Convention entre actionnaires : pourquoi l'assurance vie est essentielle
Une convention entre actionnaires sans assurance vie pour la financer, c'est comme avoir un contrat de mariage sans avoir d'argent à séparer : ça écrit ce qui devrait arriver, mais personne ne peut payer. Voici comment structurer le combo PME au Québec.
Le scénario réel : ton associé décède demain
Imaginons ta situation : tu es 50/50 dans une PME québécoise qui vaut 3 M$ avec ton cofondateur. Tu as une convention entre actionnaires qui prévoit que tu peux racheter les actions du défunt à leur juste valeur marchande au décès.
Demain matin, ton cofondateur a un accident de la route. Sa succession (sa conjointe + ses 2 enfants adolescents) hérite de ses 50 % d'actions — soit 1,5 M$ en valeur. Tu dois maintenant trouver 1,5 M$ pour exécuter le rachat prévu par la convention.

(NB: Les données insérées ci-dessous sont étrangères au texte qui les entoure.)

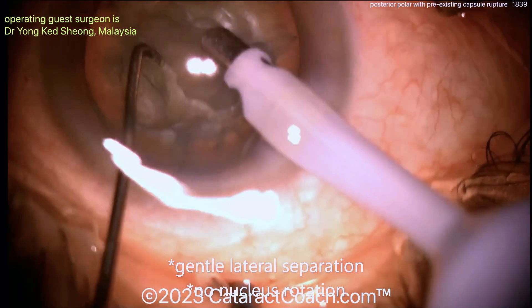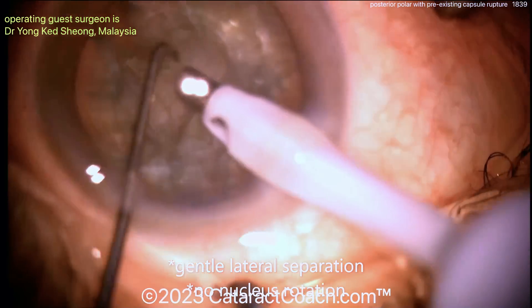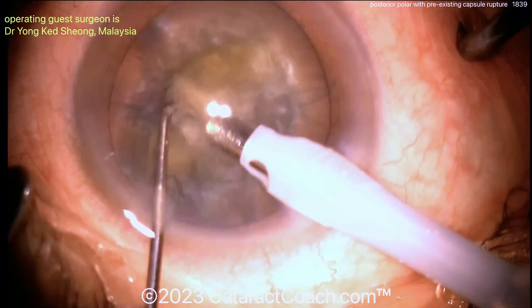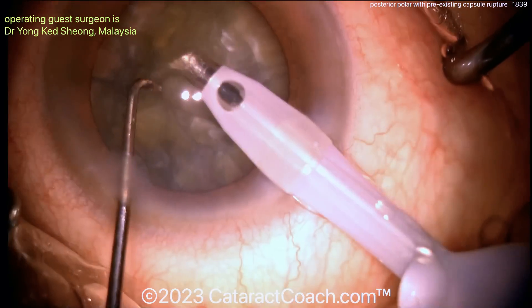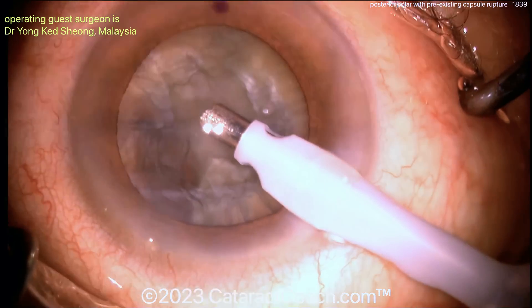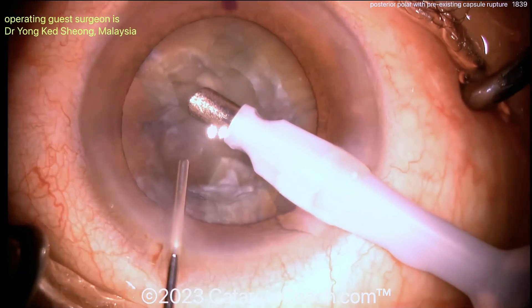Bringing them up — gentle, gentle. You can try to rotate the nucleus but it may be difficult given that there is no hydrodissection, so you don't need to do that. Just split the pieces and bring them up. As we learned from a previous video on Cataract Coach: when you have a damaged posterior capsule, do not do hydrodissection, do not do nucleus rotation. You don't need to — just get the pieces up. Don't let the AC collapse.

Options réalistes que tu as :
- Sortir 1,5 M$ de la corporation sous forme de dividende personnel imposable — résultat : tu paies environ 600 000 $ d'impôt, donc tu dois sortir 2,1 M$ pour avoir 1,5 M$ net
- Contracter un emprunt bancaire de 1,5 M$ — la banque exige des garanties personnelles, le service de la dette mange tes liquidités pendant 7-10 ans
- Renégocier la convention avec la succession pour étaler le paiement sur 5 ans — cela suppose que la succession est d'accord et patiente
- Vendre une partie de l'entreprise à un investisseur externe pour financer le rachat — dilution + perte de contrôle
- Refuser le rachat et accepter la succession comme nouvel actionnaire — tu deviens partenaire forcé avec une veuve qui n'a aucune expertise dans ton industrie
La solution structurelle : l'assurance vie corporative
La réponse standard à ce problème depuis 50 ans en planification PME canadienne : la corporation souscrit une assurance vie sur la tête de chaque actionnaire, paie les primes avec les dollars corporatifs (à taux d'imposition réduit), et est elle-même bénéficiaire des polices.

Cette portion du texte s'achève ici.